Exposure Dissimilarity: 1 - U•E/E•E
By itself, Exposure Dissimilarity doesn’t explain TC, but the combination with FNCv3 in a multiplicative interaction is the next best proxy for TC. (This interaction was included explicitly because in preliminary analysis the EBM kept finding what looked like strong multiplicative interaction between these variables.) This interaction term also makes intuitive sense: TC rewards signals that are both unique and that contain feature independent alpha. This interaction term also bears a strong monotonic relationship to TC.
The next most important metric is the venerable MMC, which also shows a strong monotonic relationship to TC.

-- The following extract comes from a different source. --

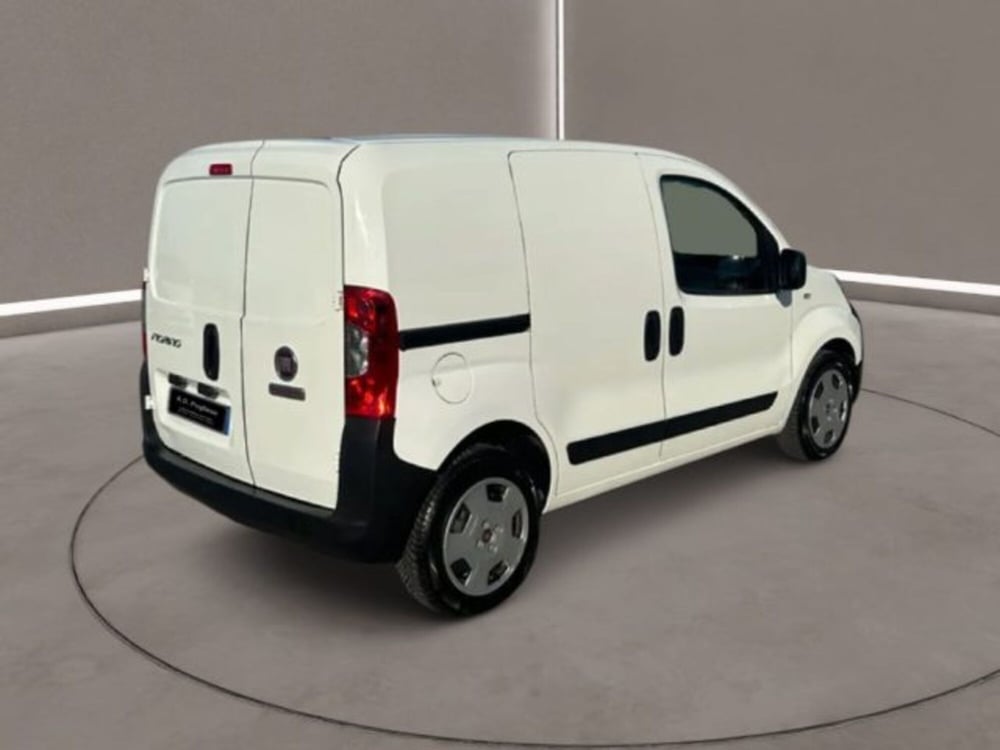 Fiat Fiorino usata a Caltanissetta (8)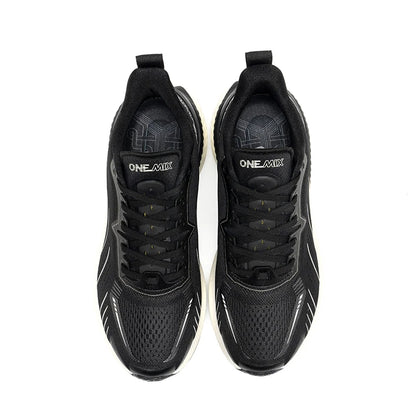 Cushioning Running Shoes – Lightweight Outdoor Non Slip Sneakers for Marathon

This is followed by the correlation of the top/bottom 200 elements of the feature neutralized prediction with the target, i.e. FNCv3 TB 200. This metric also shows a strong monotonic relationship to TC that is in addition to the FNC relationship. Indeed, if this metric had no additional useful information the function would not appear fairly cleanly monotonic, as we will see with CORR. This shows that good performance in the tails is also important for explaining TC.
The next most important metric is Maximum Exposure. While this metric doesn’t strongly influence TC, as you can see by the comparably small dynamic range of the function on the Y-axis, the interesting thing in this plot is that TC seems most associated with small, but nonzero maximum feature exposures. The optimal range for max feature exposures seems to be in [0.05, 0.30].

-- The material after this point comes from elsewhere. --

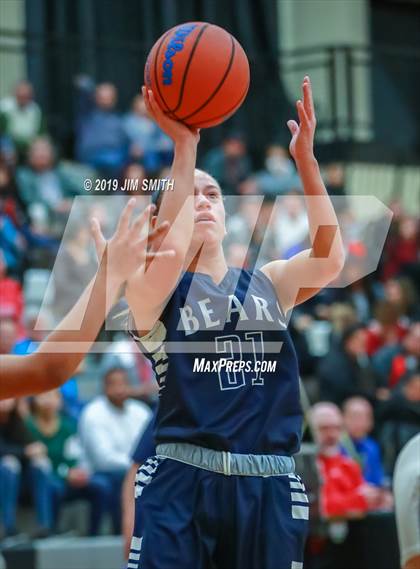 Thumbnail 2 in La Cueva vs. West Mesa (Albuquerque Metro Championships) photogallery.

The final metric we will discuss is CORR. As you can see from the plot below the relationship between CORR and TC has small dynamic range and is notably non-monotonic. I want to emphasize that if it was only CORR in the EBM’s input, we would see an apparent monotonic relationship to TC. On average higher CORR is associated with higher TC, but when the other metrics are included they more cleanly explain TC and leave CORR with little additional variance to account for.
As you can see from the above, TC seems to capture the properties we have long recommended for user models to possess: predictive power that isn’t too dependent on single features, predictive power in the tails, uniqueness. To help everyone out, I made a follow up post demonstrating methods for directly optimizing metrics like FNC and TB200. Judging by the models doing the best at TC, some of you have been listening closely and have figured a lot of things out already
To maximize backward compatibility while maximizing the impact of TC, starting April 9th users will be able to stake on (0x or 1x CORR) + (0x or 1x or 2x TC). Staking on MMC will be automatically discontinued on that date. So if you are currently staking on 1x CORR and 2x MMC, your stake will be 1x CORR only starting April 9th unless you also elect to stake on 1x TC or 2x TC. Numerai will not automatically convert any MMC stakes to TC stakes. TC staking will start as opt-in only. There will be no changes to the payout factor for the time being.